We all have many identities – of tribe and ethnicity; of religion and nationality. But defining oneself in opposition to someone who belongs to a different tribe, or who worships a different prophet, has no place in the 21st century…. In my father’s life, it was partly tribalism and patronage in an independent Kenya that for a long stretch derailed his career, and we know that this kind of corruption is a daily fact of life for far too many.

For what little it is worth, for the last few years I have preached from my cyber soapbox against those in Africa who have used the politics of ethnicity to cling to power. I firmly believe that our humanity is more important than our ethnicity, nationality, sovereignty or even Africanity! As an unreformed Pan-Africanist, I also believe that Africans are not prisoners to be kept behind tribal walls, ethnic enclaves, Ivorite, kilils, Bantustans, apartheid or whatever divisive and repressive ideology is manufactured by dictators, but free men and women who are captains of their destines in one un-walled Africa that belongs to all equally. “Tear down the walls of tribalism and ethnicity in Africa,” I say.

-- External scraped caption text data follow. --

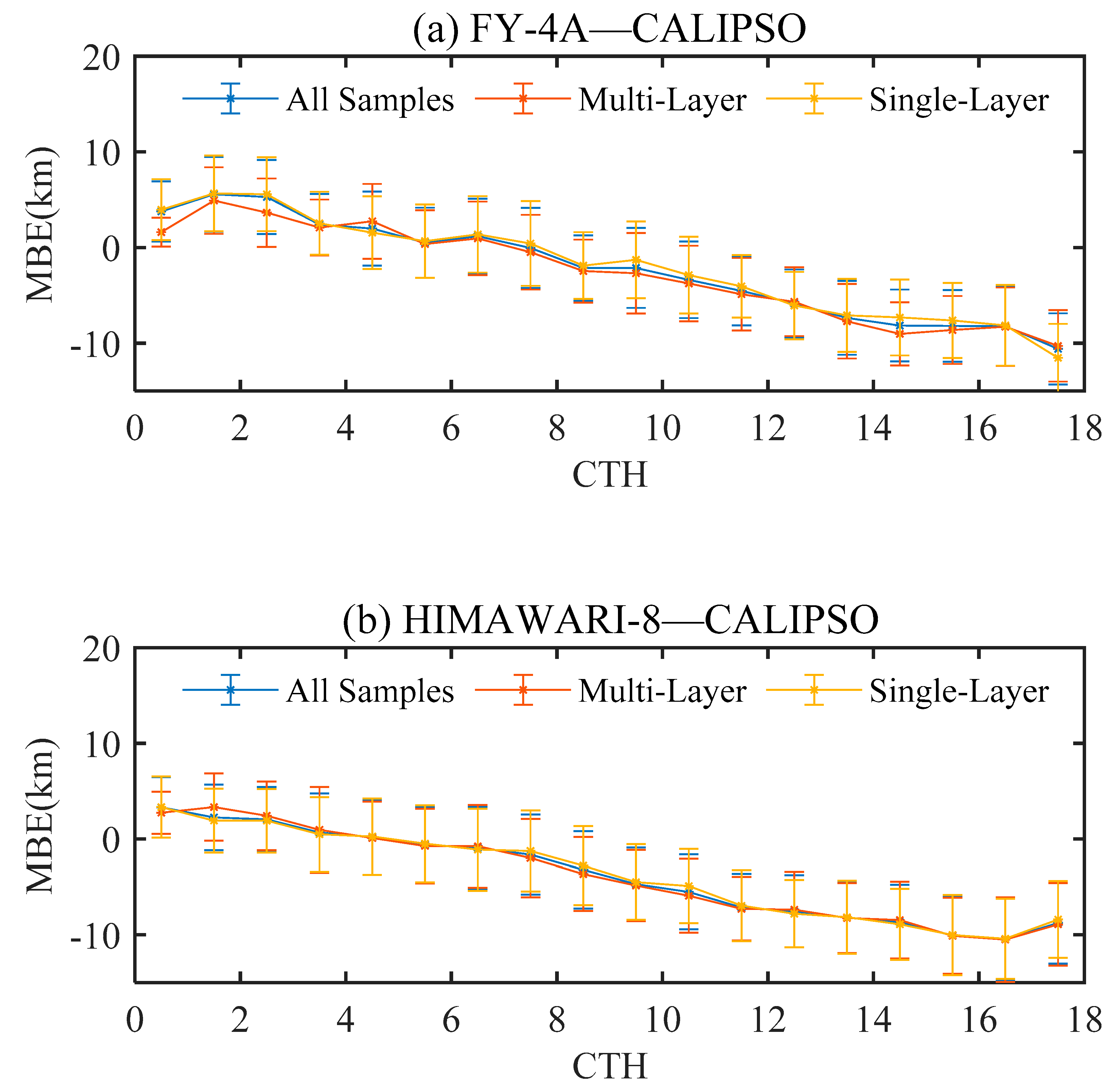 Remotesensing 13 03851 g004a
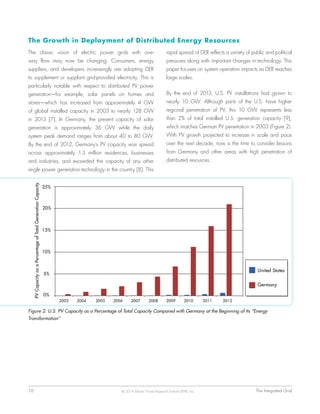 10	 The Integrated Grid© 2014 Electric Power Research Institute (EPRI), Inc.
The Growth in Deployment of Distributed Energy Resources
The classic vision of electric power grids with one-
way flow may now be changing. Consumers, energy
suppliers, and developers increasingly are adopting DER
to supplement or supplant grid-provided electricity. This is
particularly notable with respect to distributed PV power
generation—for example, solar panels on homes and
stores—which has increased from approximately 4 GW
of global installed capacity in 2003 to nearly 128 GW
in 2013 [7]. In Germany, the present capacity of solar
generation is approximately 36 GW while the daily
system peak demand ranges from about 40 to 80 GW.
By the end of 2012, Germany’s PV capacity was spread
across approximately 1.3 million residences, businesses
and industries, and exceeded the capacity of any other
single power generation technology in the country [8]. This
rapid spread of DER reflects a variety of public and political
pressures along with important changes in technology. This
paper focuses on system operation impacts as DER reaches
large scales.
By the end of 2013, U.S. PV installations had grown to
nearly 10 GW. Although parts of the U.S. have higher
regional penetration of PV, this 10 GW represents less
than 2% of total installed U.S. generation capacity [9],
which matches German PV penetration in 2003 (Figure 2).
With PV growth projected to increase in scale and pace
over the next decade, now is the time to consider lessons
from Germany and other areas with high penetration of
distributed resources.
Figure 2: U.S. PV Capacity as a Percentage of Total Capacity Compared with Germany at the Beginning of Its “Energy
Transformation”
 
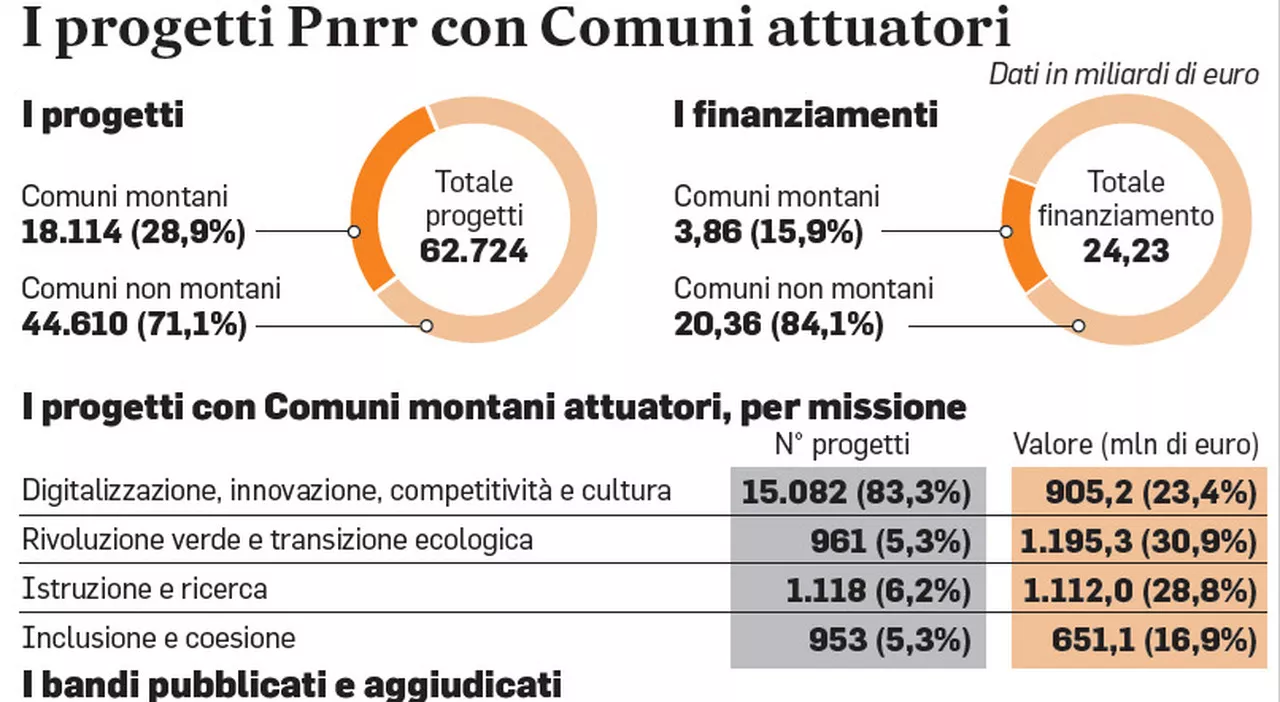 Montagna, l’occasione Pnrr dei Comuni in quota. Strategia di restanza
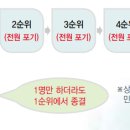 승인세무회계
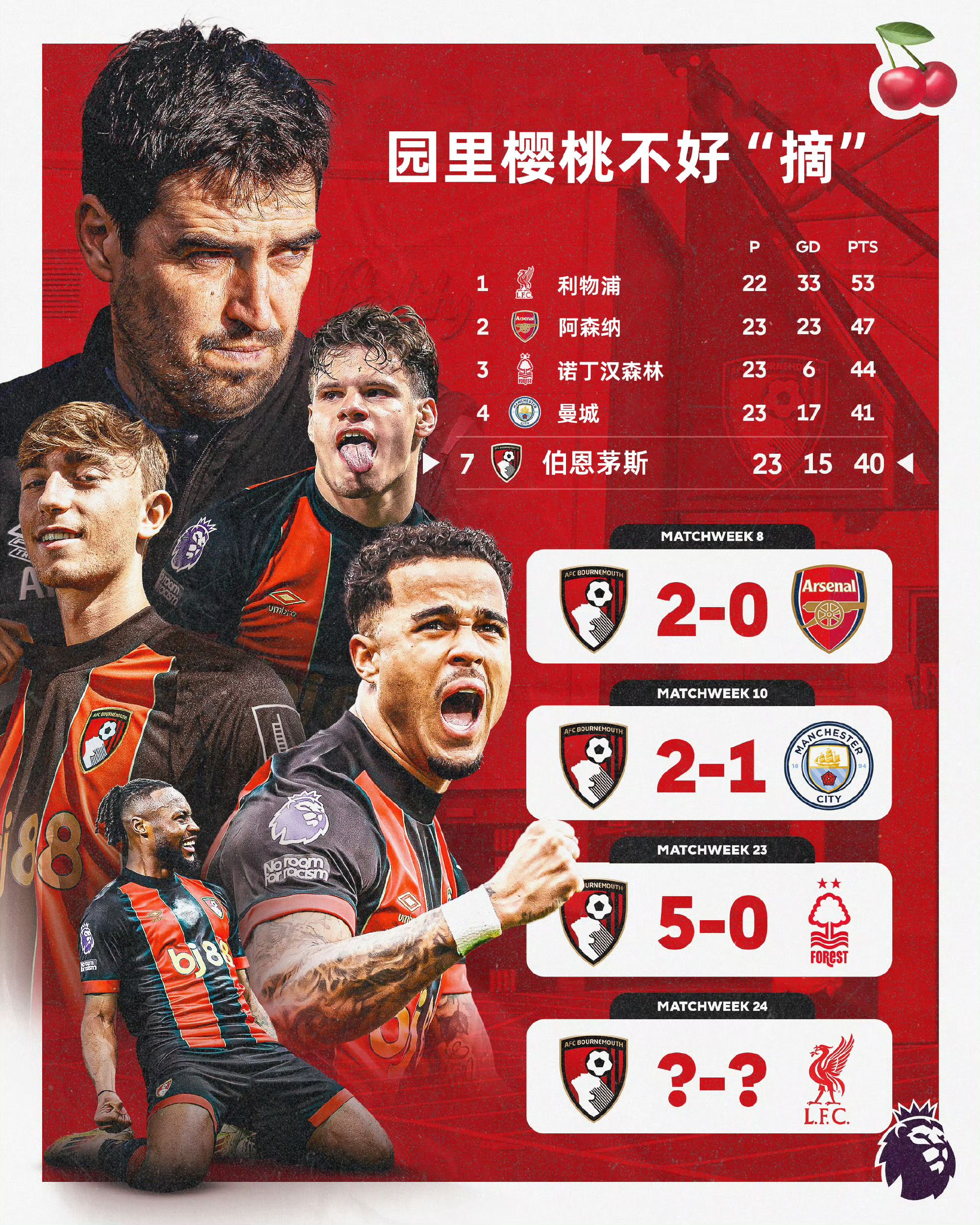 利物浦客场大胜伯恩茅斯,腾讯破门助球队取胜 利物浦客场大胜伯恩茅斯,腾讯破门助球队取胜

It is necessary to come up with a counter-ideology to withstand the rising tide of Afro-Fascism. Perhaps we can learn from Archbishop Desmond Tutu’s ideas of “Ubuntu”, the essence of being human. Tutu explained: “A person with Ubuntu is open and available to others, affirming of others, does not feel threatened that others are able and good, for he or she has a proper self-assurance that comes from knowing that he or she belongs in a greater whole and is diminished when others are humiliated or diminished, when others are tortured or oppressed.” I believe “Ubuntu” provides a sound philosophical basis for the development of a human rights culture for the African continent based on a common African belief of “belonging to a greater whole.” To this end, Tutu taught, “Do your little bit of good where you are; it’s those little bits of good put together that overwhelm the world.” More specifically, Africa.

“Afri-Cans” and “Afri-Cannots”

As for South Sudan, the future holds many dangers and opportunities. Africans have fought their way out of colonialism and become independent. Some have seceded from the post-independence states, but it is questionable if they have succeeded. How many African countries are better off today than they were prior to independence? Before secession? As the old saying goes: “Be careful what you wish for. You may receive it.” We wish the people of South and North Sudan a future of hope, peace, prosperity and reconciliation.

I am no longer sure if Afri-Cans are able to “unite for the benefit of their people”, as Bob Marley pleaded. But I am sure that Afri-Cannot continue to have tribal wars, ethnic domination, corruption, inflation and repression as Fela Kuti warned, and expect to be viable in the second decade of the Twenty-First Century. In 1963, H.I.M. Haile Selassie reminded his colleagues:

Today, Africa has emerged from this dark passage [of colonialism]. Our Armageddon is past. Africa has been reborn as a free continent and Africans have been reborn as free men…. Those men who refused to accept the judgment passed upon them by the colonisers, who held unswervingly through the darkest hours to a vision of an Africa emancipated from political, economic, and spiritual domination, will be remembered and revered wherever Africans meet…. Their deeds are written in history.

It is said that those who do not remember history are doomed to repeat it. I am afraid Africa’s Armageddon is yet to come. Africa has been re-enslaved by home grown dictators, and Africans have become prisoners of thugs, criminals, gangsters, fugitives and outlaws who have seized and cling to power like parasitic ticks on a milk cow. Cry for the beloved continent!